First speaker was Alanna Hartzok, director of the US-based Earthrights Institute. Talking on the subject of earth rights, Hartzok offered a scathing critique of the current US administration. She argued that the corruption caused by land speculation penetrates from the lowest to the highest level of government - up to and including the Bush regime. We also see a reflection of this need for speculation in the US military's attempts to achieve “full spectrum dominance - its stated policy objective to be able to win any conflict in any sphere in any part of the world. It regards this level of worldwide dominance as necessary to ensure its claims and access to resources can be protected.
One might note a similarity here to the brutal colonization of the US and Australia. The extreme and exceptionally violent military force, which the colonisers used in order to displace indigenous peoples, was necessary in order to secure the land claims of the colonisers. It bares more than a passing resemblance to the “shock and awe tactics used in Iraq.

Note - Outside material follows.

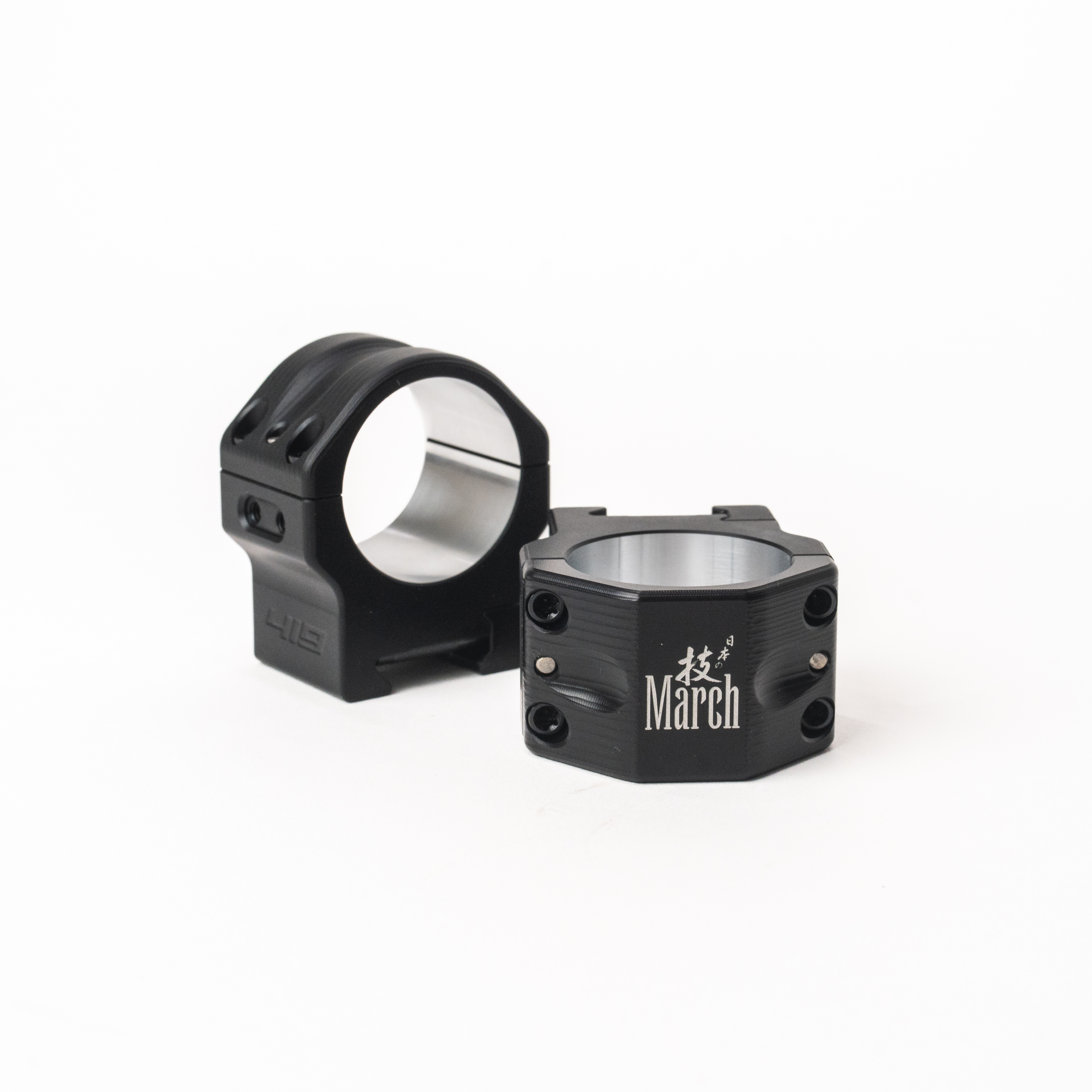 March Scopes Area 419 Match 34mm Tube 28mm High Scope Rings for Picatinny Rail MSR-MT-34-28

Hartzok argued that what we now see is a small clique of men who seek to claim the resource rights over our world. The very wealthy are themselves achieving a kind of “full spectrum dominance: in the US, the top 1% of the population has more wealth than the bottom 95%. International institutions are increasingly coming under the sway of this excessive wealth. Recent electoral problems in the means that it is no longer appropriate for us to talk of the US as a democracy.
Problems range from voters being illegally removed from the register in Florida, and the use of flawed or potentially fraudulent electronic voting machines across the US, to the exploitation of the natural wealth “of the US by a privileged few While “we would not want to start from here, Hartzok argued that there is a very real hope of achieving - in as peaceful way as possible - a second American revolution.
This would be a strong development towards an earthrights democracy in which all of the world's citizens can share in its natural wealth.